─── Supplied data
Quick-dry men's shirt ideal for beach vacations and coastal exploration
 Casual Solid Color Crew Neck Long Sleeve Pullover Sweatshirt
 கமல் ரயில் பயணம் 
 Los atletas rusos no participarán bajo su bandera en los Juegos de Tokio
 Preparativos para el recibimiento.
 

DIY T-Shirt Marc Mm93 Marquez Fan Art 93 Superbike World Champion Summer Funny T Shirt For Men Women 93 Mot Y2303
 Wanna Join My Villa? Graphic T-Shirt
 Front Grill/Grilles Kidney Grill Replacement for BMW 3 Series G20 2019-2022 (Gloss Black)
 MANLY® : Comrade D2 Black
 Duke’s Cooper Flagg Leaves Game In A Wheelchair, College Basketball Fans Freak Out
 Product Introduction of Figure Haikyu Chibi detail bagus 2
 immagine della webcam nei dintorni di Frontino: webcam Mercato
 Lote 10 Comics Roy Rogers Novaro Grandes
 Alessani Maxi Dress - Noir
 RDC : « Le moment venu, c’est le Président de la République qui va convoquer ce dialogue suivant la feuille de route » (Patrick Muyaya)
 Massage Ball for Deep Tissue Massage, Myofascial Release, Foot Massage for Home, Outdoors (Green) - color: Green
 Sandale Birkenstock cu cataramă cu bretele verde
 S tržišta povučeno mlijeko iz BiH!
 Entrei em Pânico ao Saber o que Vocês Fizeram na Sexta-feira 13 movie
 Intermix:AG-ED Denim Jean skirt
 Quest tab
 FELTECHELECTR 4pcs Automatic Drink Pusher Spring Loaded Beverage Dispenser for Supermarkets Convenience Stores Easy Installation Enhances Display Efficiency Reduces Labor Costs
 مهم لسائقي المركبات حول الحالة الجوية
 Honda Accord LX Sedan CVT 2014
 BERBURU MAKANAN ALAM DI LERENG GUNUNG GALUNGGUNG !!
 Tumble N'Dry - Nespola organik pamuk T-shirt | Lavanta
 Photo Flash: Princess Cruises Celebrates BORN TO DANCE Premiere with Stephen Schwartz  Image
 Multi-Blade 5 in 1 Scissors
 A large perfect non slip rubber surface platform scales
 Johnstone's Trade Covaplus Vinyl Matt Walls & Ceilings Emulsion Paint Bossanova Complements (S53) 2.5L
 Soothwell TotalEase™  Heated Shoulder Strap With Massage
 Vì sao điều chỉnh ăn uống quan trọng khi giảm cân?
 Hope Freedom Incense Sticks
──────
Task description ▸ Beginning at the line that contains "A large perfect", retype each line of the listing up to and including the last one, exactly as it stands, and nothing else.

Worked solution ▸
 A large perfect non slip rubber surface platform scales
 Johnstone's Trade Covaplus Vinyl Matt Walls & Ceilings Emulsion Paint Bossanova Complements (S53) 2.5L
 Soothwell TotalEase™  Heated Shoulder Strap With Massage
 Vì sao điều chỉnh ăn uống quan trọng khi giảm cân?
 Hope Freedom Incense Sticks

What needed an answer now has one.